Мне, как дежурному, было совершенно невозможно покинуть пост, и это хорошо понимали наши практичные ребята. Почти каждый из совершивших экспедицию на Сухаревку совал мне некоторую часть своей добычи, отсыпал немного махры, давал кусок хлеба, лепешку, сахар и прочее. Некоторые из наиболее удачливых успели добыть себе и кое-что из одежды. Сухаревка разбежалась начисто минут через 15 после начала взрывов. На месте «всероссийского торжища» остались лишь груды книг, поваленные столики, кучи разного барахла и прочее. Все это ревизовалось и конфисковалось нашими не потерявшими духа ребятами, которые натащили в казарму много всякой дряни. Прошло, вероятно, минут 40 после начала взрывов. Они еще продолжались, никто не имел представления об их причине. Как будто они сделались несколько слабее, и версия об обстреле Москвы тяжелыми фугасными снарядами казалась по-прежнему наиболее правдоподобной.

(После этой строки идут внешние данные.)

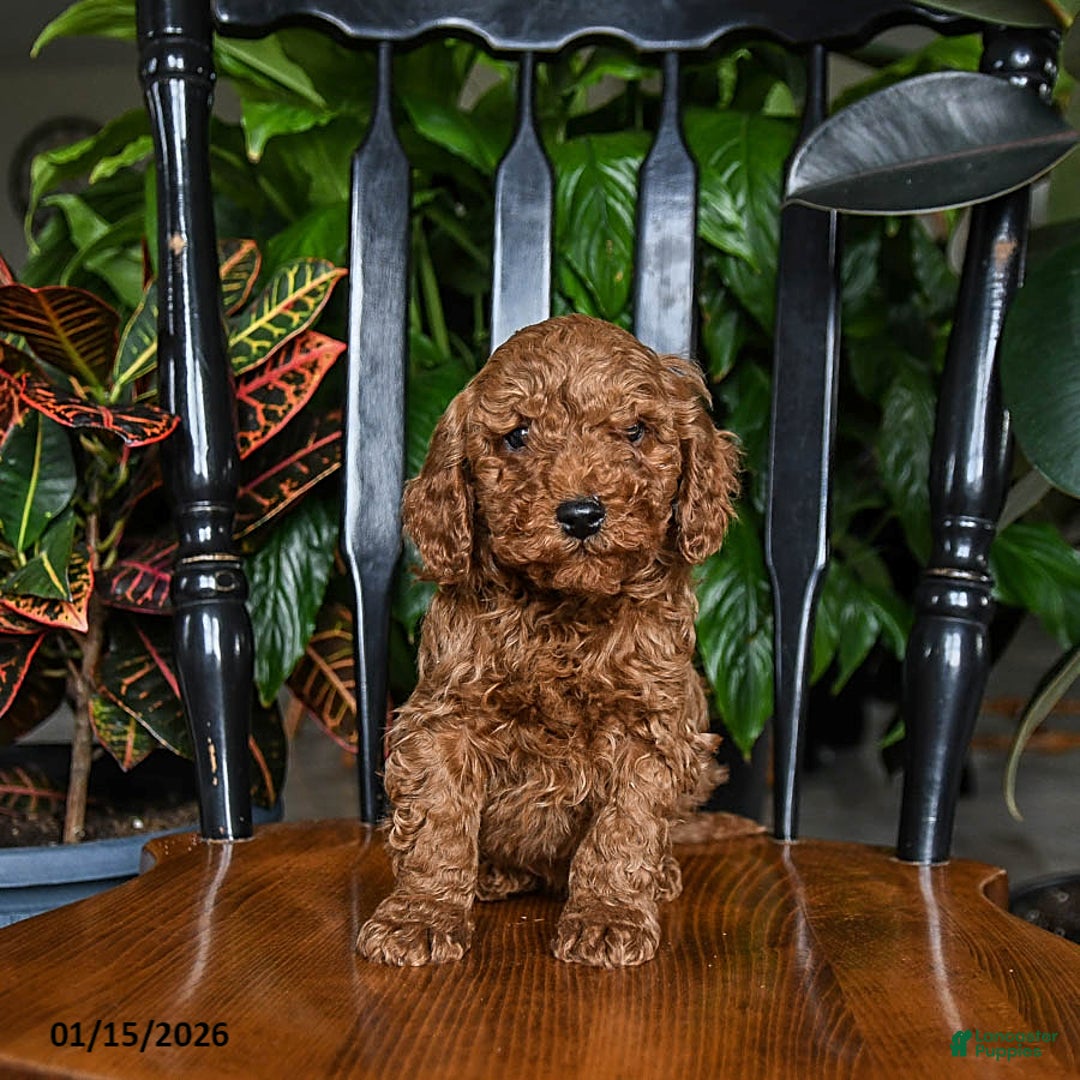 Cavapoo dogs for sale: Blue - Ad 2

Но в армии так не бывает, чтобы при такого рода событиях не обнаружилось командование. Ротное начальство, естественно, не могло на свой риск предпринимать каких-либо действий. Но «вот приходит к нам приказ» из штаба полка: «В ружье». Скомандовали и мы. Все выстроились с винтовками, стали производить расчет. В это время был получен второй приказ («вот приходит к нам другой…») выдать всем патронташи по 70 патронов. Началась суматоха.

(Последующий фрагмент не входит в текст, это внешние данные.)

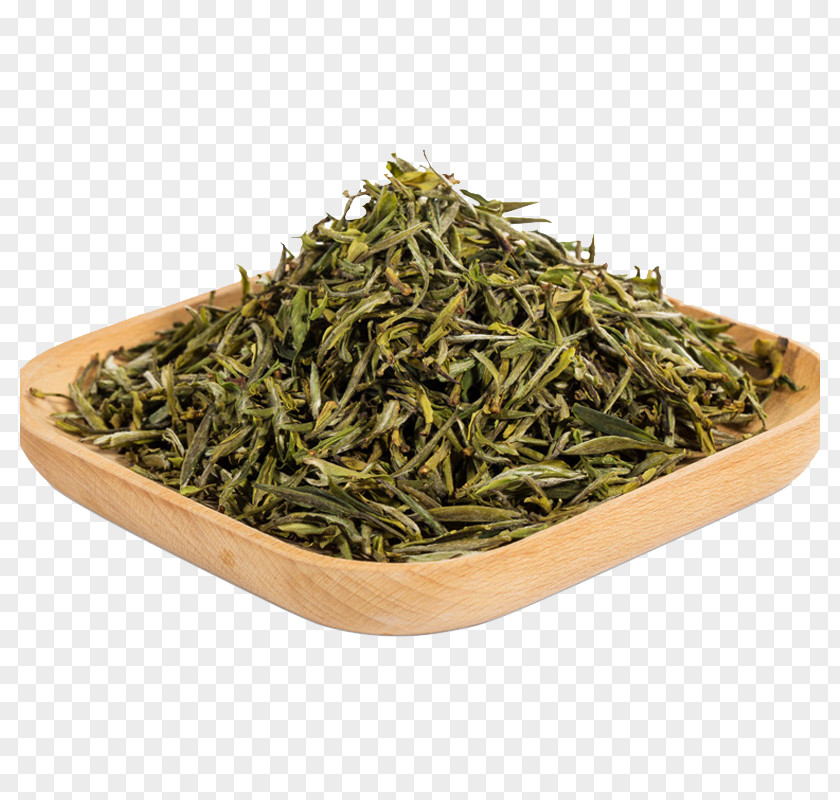 A Green Tea Leaves Hu014djicha Nilgiri Gyokuro PNG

Я, как дежурный по роте, естественно, оказался в самом центре этой суматохи. Так как писаря почему-то не оказалось на месте, мне пришлось записывать, кому выданы патроны и патронташи, один из взводных выдавал. Вся эта операция заняла, я думаю, около часа. Я изнемогал от напряжения. Надо было быстро записывать, так, чтобы ни один патрон не ушел без записи. Наконец, «слава Богу», выдача закончилась. Все перетянули через грудь брезентовые патронташи, набитые патронами, и выстроились в коридоре. Наконец, часов уже в 6, а может быть, несколько позднее была дана команда: «Выходи на двор, стройся!». Все вышли. Там же строились и другие роты. Я наблюдал за всем этим из окна. Как дежурный по роте, я не имел права выходить из казармы. Прошел еще час в ожидании дальнейшей команды. Наконец, к нам пришел еще один приказ – сдать патроны и патронташи обратно. Черт возьми! (видно, и вверху была паника). Опять мне работа: принимай обратно и зачеркивай все, что написал около каждой фамилии. Все это делалось к тому же в лихорадочной обстановке ожидания чего-то необыкновенного. Взрывы, хотя и небольшой силы, еще продолжались, даже они стали как будто более частыми и в самом деле стали напоминать орудийную стрельбу. Никто не понимал, почему надо было сдавать патроны. Что случилось?